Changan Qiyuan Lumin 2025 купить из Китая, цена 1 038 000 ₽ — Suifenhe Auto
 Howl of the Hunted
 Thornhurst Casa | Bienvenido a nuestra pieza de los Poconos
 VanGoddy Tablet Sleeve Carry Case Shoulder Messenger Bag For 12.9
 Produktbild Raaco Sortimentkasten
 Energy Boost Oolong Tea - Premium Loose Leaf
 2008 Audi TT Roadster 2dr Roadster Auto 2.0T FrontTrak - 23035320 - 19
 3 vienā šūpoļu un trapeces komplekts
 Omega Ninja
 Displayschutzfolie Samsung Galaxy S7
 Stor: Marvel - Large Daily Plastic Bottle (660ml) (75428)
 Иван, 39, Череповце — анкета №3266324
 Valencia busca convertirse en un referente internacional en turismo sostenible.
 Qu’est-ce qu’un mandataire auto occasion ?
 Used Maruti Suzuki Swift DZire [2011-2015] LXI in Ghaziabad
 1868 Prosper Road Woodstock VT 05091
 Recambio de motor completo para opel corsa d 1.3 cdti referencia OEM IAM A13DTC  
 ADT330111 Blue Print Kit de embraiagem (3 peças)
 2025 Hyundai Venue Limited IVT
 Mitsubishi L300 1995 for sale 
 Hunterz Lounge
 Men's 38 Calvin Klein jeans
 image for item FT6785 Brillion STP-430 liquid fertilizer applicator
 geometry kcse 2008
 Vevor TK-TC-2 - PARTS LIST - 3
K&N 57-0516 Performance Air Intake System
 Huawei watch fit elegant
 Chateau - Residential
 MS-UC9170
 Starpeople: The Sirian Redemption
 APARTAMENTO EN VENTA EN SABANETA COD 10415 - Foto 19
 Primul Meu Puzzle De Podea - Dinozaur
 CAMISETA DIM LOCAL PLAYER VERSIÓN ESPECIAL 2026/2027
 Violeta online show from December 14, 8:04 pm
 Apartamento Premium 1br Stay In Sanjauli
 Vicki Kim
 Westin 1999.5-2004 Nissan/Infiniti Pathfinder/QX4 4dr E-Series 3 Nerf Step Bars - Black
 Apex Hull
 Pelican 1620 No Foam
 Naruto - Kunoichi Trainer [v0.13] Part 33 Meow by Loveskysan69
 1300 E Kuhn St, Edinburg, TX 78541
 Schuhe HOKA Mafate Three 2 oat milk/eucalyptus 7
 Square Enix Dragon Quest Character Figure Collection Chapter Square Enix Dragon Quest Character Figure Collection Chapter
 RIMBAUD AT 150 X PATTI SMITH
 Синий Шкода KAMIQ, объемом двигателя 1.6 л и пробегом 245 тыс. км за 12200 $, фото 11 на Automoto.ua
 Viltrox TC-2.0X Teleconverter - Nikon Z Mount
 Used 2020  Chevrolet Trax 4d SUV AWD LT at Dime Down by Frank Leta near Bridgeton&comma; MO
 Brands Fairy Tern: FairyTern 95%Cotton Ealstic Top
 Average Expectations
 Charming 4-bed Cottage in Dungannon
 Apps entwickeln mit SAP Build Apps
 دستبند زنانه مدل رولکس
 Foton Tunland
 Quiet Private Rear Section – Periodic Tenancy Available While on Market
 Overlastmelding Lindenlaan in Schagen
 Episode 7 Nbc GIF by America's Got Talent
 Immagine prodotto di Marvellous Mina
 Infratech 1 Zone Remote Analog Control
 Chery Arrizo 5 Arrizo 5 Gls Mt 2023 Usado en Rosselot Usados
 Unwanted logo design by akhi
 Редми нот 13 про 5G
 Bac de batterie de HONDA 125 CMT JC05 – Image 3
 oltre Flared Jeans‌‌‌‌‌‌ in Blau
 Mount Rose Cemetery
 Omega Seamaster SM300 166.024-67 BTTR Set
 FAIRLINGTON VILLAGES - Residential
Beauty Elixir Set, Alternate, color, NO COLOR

DESCRIPTION OF THE TASK:
Exactly the lines above from the one with "ADT330111 Blue Print" to the one with "Viltrox TC-2.0X Teleconverter", both included, are to be quoted; leave the rest out.

ANSWER TO THE EXERCISE:
 ADT330111 Blue Print Kit de embraiagem (3 peças)
 2025 Hyundai Venue Limited IVT
 Mitsubishi L300 1995 for sale 
 Hunterz Lounge
 Men's 38 Calvin Klein jeans
 image for item FT6785 Brillion STP-430 liquid fertilizer applicator
 geometry kcse 2008
 Vevor TK-TC-2 - PARTS LIST - 3
K&N 57-0516 Performance Air Intake System
 Huawei watch fit elegant
 Chateau - Residential
 MS-UC9170
 Starpeople: The Sirian Redemption
 APARTAMENTO EN VENTA EN SABANETA COD 10415 - Foto 19
 Primul Meu Puzzle De Podea - Dinozaur
 CAMISETA DIM LOCAL PLAYER VERSIÓN ESPECIAL 2026/2027
 Violeta online show from December 14, 8:04 pm
 Apartamento Premium 1br Stay In Sanjauli
 Vicki Kim
 Westin 1999.5-2004 Nissan/Infiniti Pathfinder/QX4 4dr E-Series 3 Nerf Step Bars - Black
 Apex Hull
 Pelican 1620 No Foam
 Naruto - Kunoichi Trainer [v0.13] Part 33 Meow by Loveskysan69
 1300 E Kuhn St, Edinburg, TX 78541
 Schuhe HOKA Mafate Three 2 oat milk/eucalyptus 7
 Square Enix Dragon Quest Character Figure Collection Chapter Square Enix Dragon Quest Character Figure Collection Chapter
 RIMBAUD AT 150 X PATTI SMITH
 Синий Шкода KAMIQ, объемом двигателя 1.6 л и пробегом 245 тыс. км за 12200 $, фото 11 на Automoto.ua
 Viltrox TC-2.0X Teleconverter - Nikon Z Mount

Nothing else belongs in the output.